Engine oil, transmission oil, axle oil, and hydraulic fluid can be substituted for power steering. However, these liquids will rust or damage the power steering system. As a result, using any of these substitutes will likely cost you a fortune in repairs for damages caused.
Just like with brake fluid, you should only ever use a substitute for power steering fluid in an emergency, and you’ve no other options. Damages to your power steering are almost always expensive to fix, and if the issue occurs while driving, you may lose control of the vehicle.
It seems like a risk relying on brake fluid remaining in your vehicle to stop in case of leaks. What happens if the brake fluid lines are damaged while driving and all the fluid leaks onto the road? Is there any way of stopping the vehicle when the brake fluid is completely gone?
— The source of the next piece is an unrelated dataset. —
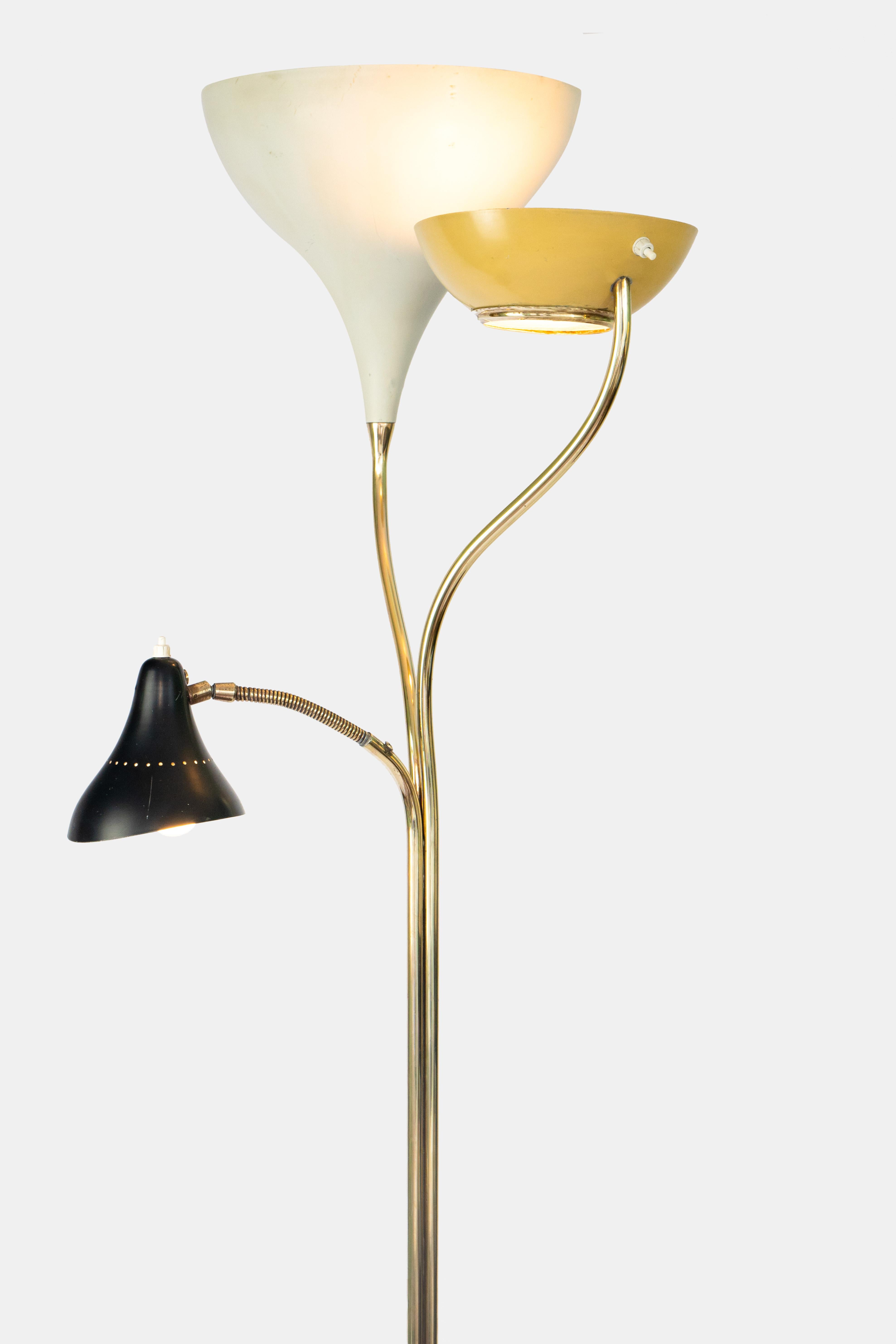 Años 50 Oscar Torlasco Lámpara de pie LS27 Mármol Latón Aluminio Negro Amarillo Blanco Moderno de mediados de siglo en venta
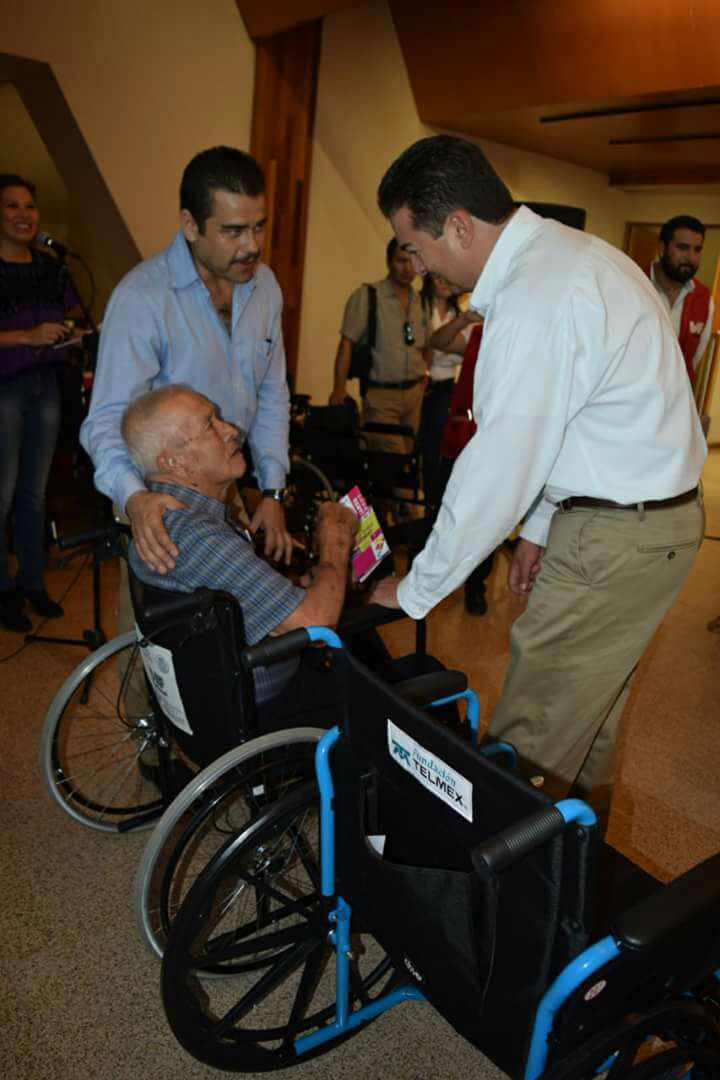 El Alcalde Juan Gabriel Garza Calderón, hizo entrega de sillas de ruedas en coordinación con el DIF municipal. (Foto: Gabriel López Meza)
The emergency brakes will work without brake fluid. Unlike the foot brake, the emergency brake isn’t a hydraulic system. As a result, if the brake fluid leaks out from the car, the emergency brake can be used to stop the vehicle.
The emergency brake is also referred to as the parking brake or the handbrake. It works using cables and not hydraulic fluid; it’s an entirely mechanical system that works regardless of brake fluid or power in the car.
Does Power Steering Fluid Need to Be Changed?
Power steering fluid doesn’t need to be changed in most vehicles. Typically, power steering fluid is only changed after an issue has occurred. However, some car manufacturers recommend a power steering system flush every few years as part of servicing the vehicle.
In most cars, power steering fluid is not part of regular maintenance. Instead, drivers choose to change the power steering fluid when they encounter a problem. If the car makes a whining noise as you turn, or the steering has become stiff, these are the primary indicators that the power steering fluid has gone bad.
You can check the power steering fluid quickly in most cars. The power steering reservoir is usually straightforward and visible when you lift the car’s hood. Power steering fluid should be clear; however, the fluid may shift red and still be in good condition.
If your power steering fluid is dark in color, it’s likely gone bad. If you’re in any doubt, consult a mechanic to find the source of the issue and replace the power steering fluid.
Does Brake Fluid Need to Be Changed?
Brake fluid does need to be changed. Brake fluid should be changed every four or five years in most cars. It costs about $100 in most cars to replace the brake fluid. Therefore, the average cost of maintaining the brake fluid in your vehicle is only about $20 a year.
A great way to keep track of your brake fluid is by asking your mechanic to check the brake fluid every time you get your oil changed or your car serviced. The mechanic can check the brake fluid levels in the system and assess the condition of the braking system overall. This ensures that you can safely drive your car with effective brakes.
Power steering fluid and brake fluid are both used in hydraulic systems in your car. However, power steering fluid and brake fluid aren’t the same. If you use brake fluid instead of power steering fluid, or the other way around, it’ll cause severe damage to the vehicle. On top of this, damaging either the brakes or steering is dangerous.
It’s essential that you keep track of the brake fluid levels in your car. The brake fluid typically needs replacing every five or so years. Power steering fluid, on the other hand, doesn’t need to be replaced.